| WHAT IS NEEDED |
Each line below needs to be returned exactly. Skip any picture.

Saved data entries
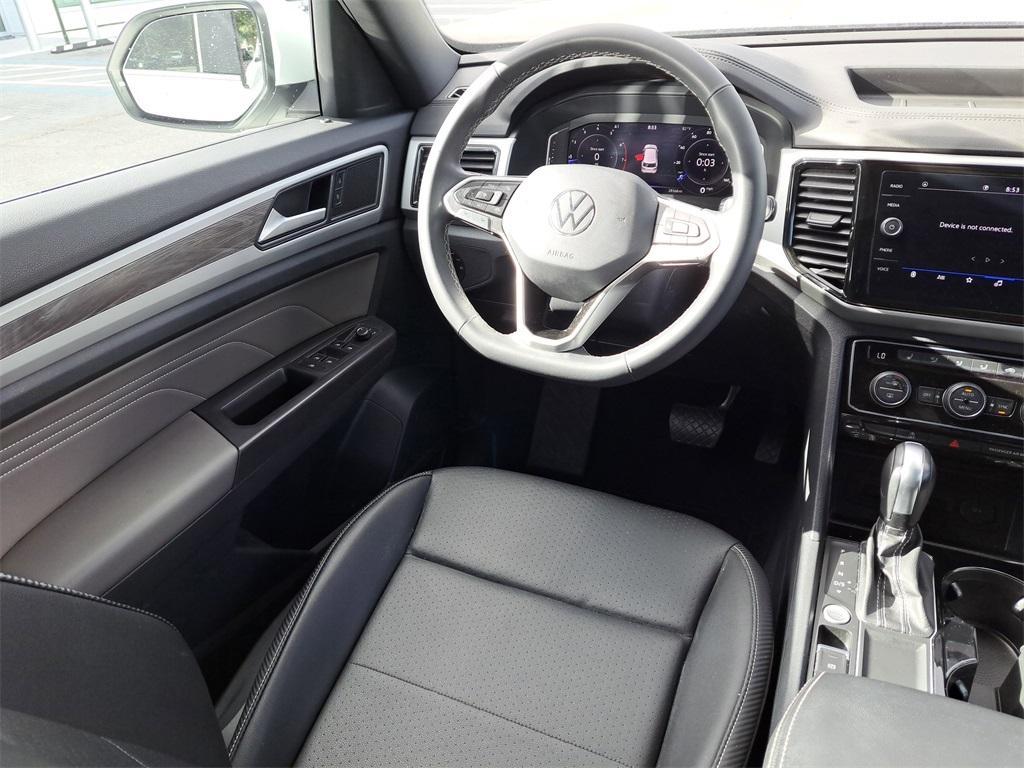 used 2022 Volkswagen Atlas Cross Sport car, priced at $24,991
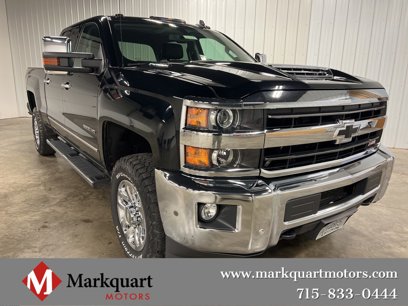 Used 2018 Chevrolet Silverado 3500 LTZ w/ Duramax Plus Package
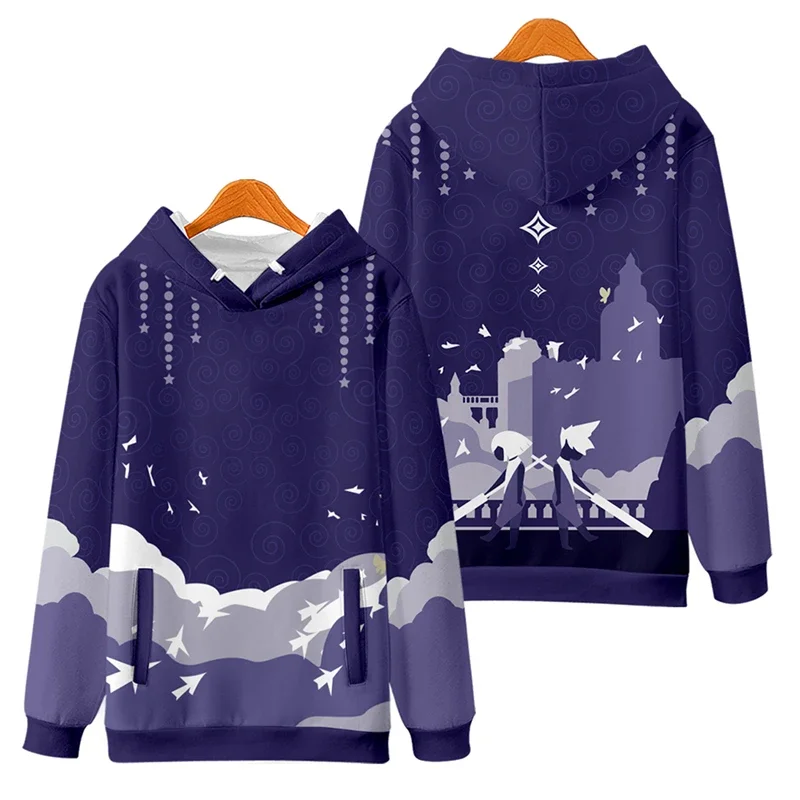 Sky Children of The Light Cosplay Hoodie Women Men Harajuku Sweatshirt Streetwear Hip Hop Pullover Hooded Jacket Male Tracksuit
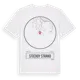 White t-shirt med Stockby Strand t-shirt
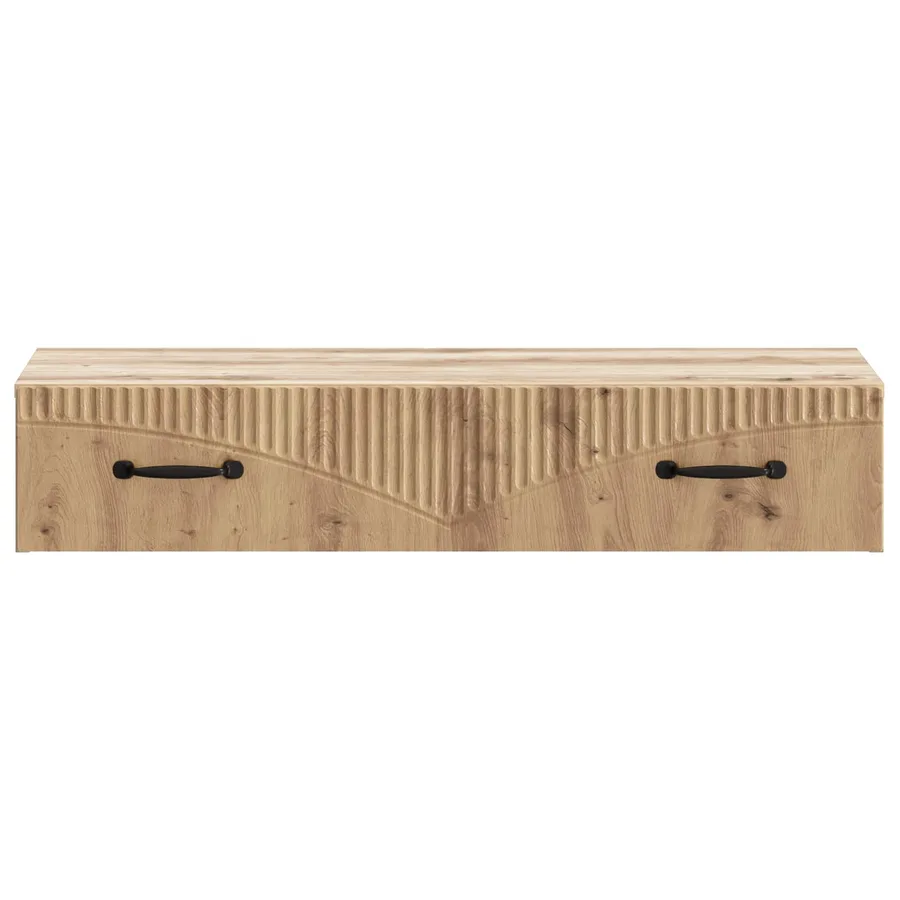 Table d'appoint murale 87,5 x 34,5 x 17 cm Bois d'ingénierie - 5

| FINISHED TASK |
 used 2022 Volkswagen Atlas Cross Sport car, priced at $24,991
 Used 2018 Chevrolet Silverado 3500 LTZ w/ Duramax Plus Package
 Sky Children of The Light Cosplay Hoodie Women Men Harajuku Sweatshirt Streetwear Hip Hop Pullover Hooded Jacket Male Tracksuit
 White t-shirt med Stockby Strand t-shirt
 Table d'appoint murale 87,5 x 34,5 x 17 cm Bois d'ingénierie - 5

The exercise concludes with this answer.